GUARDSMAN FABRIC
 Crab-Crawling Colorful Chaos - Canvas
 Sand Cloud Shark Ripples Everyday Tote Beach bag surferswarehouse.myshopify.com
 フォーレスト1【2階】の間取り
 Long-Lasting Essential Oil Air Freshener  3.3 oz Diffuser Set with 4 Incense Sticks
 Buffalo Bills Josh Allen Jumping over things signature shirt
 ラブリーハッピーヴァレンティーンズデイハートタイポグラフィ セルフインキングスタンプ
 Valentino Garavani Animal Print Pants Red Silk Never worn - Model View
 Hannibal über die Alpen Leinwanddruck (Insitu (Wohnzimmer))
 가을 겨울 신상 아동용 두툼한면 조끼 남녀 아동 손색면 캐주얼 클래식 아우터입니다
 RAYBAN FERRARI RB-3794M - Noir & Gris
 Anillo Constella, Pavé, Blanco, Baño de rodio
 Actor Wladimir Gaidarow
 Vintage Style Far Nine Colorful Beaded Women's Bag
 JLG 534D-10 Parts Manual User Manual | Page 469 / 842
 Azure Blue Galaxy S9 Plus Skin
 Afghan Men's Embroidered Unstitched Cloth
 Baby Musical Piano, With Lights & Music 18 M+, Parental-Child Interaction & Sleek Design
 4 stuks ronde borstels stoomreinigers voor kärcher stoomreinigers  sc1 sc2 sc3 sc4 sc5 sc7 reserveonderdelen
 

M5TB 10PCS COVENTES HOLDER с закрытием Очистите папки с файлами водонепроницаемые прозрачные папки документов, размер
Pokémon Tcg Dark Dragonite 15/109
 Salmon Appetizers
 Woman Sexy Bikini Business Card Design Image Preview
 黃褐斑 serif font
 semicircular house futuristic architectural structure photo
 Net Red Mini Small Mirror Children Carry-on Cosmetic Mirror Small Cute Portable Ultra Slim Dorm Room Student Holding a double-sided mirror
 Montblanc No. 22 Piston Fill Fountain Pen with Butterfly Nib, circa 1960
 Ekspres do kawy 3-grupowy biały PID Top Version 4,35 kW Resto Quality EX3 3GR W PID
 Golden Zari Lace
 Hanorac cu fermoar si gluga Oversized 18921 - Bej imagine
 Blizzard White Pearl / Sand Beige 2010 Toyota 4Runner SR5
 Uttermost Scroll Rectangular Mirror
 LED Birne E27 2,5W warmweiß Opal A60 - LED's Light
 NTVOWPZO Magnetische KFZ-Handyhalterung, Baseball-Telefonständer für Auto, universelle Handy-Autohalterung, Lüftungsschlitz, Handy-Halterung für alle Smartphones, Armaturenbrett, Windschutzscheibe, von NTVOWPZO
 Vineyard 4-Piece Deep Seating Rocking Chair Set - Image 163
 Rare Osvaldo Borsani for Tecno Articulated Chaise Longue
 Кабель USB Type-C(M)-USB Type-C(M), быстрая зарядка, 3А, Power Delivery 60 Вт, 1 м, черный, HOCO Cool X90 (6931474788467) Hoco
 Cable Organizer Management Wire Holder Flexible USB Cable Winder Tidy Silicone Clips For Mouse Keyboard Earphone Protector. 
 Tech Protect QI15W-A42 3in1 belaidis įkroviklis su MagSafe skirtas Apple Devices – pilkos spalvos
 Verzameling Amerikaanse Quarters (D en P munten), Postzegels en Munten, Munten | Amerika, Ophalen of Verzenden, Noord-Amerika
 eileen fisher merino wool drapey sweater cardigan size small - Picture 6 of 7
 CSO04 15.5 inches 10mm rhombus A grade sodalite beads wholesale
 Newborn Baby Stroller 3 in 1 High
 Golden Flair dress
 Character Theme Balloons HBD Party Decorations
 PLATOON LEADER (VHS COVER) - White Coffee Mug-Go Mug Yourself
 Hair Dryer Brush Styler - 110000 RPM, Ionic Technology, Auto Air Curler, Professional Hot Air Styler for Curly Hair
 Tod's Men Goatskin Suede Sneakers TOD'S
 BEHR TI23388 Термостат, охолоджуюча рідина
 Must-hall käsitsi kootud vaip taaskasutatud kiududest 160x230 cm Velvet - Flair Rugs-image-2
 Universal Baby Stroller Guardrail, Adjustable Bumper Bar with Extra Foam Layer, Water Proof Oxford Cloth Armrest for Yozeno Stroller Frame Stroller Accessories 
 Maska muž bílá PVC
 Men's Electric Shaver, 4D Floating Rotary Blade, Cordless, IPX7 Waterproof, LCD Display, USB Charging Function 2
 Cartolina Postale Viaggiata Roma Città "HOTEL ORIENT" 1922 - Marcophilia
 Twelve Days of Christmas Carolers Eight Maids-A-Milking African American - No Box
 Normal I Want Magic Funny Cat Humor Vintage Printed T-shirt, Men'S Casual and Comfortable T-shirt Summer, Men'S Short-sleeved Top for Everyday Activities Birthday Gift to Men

----

Assigned task
All that is wanted is the set of lines from the one with "Must-hall käsitsi kootud" through the last line of the entries, both included, output exactly.

Task answer
 Must-hall käsitsi kootud vaip taaskasutatud kiududest 160x230 cm Velvet - Flair Rugs-image-2
 Universal Baby Stroller Guardrail, Adjustable Bumper Bar with Extra Foam Layer, Water Proof Oxford Cloth Armrest for Yozeno Stroller Frame Stroller Accessories 
 Maska muž bílá PVC
 Men's Electric Shaver, 4D Floating Rotary Blade, Cordless, IPX7 Waterproof, LCD Display, USB Charging Function 2
 Cartolina Postale Viaggiata Roma Città "HOTEL ORIENT" 1922 - Marcophilia
 Twelve Days of Christmas Carolers Eight Maids-A-Milking African American - No Box
 Normal I Want Magic Funny Cat Humor Vintage Printed T-shirt, Men'S Casual and Comfortable T-shirt Summer, Men'S Short-sleeved Top for Everyday Activities Birthday Gift to Men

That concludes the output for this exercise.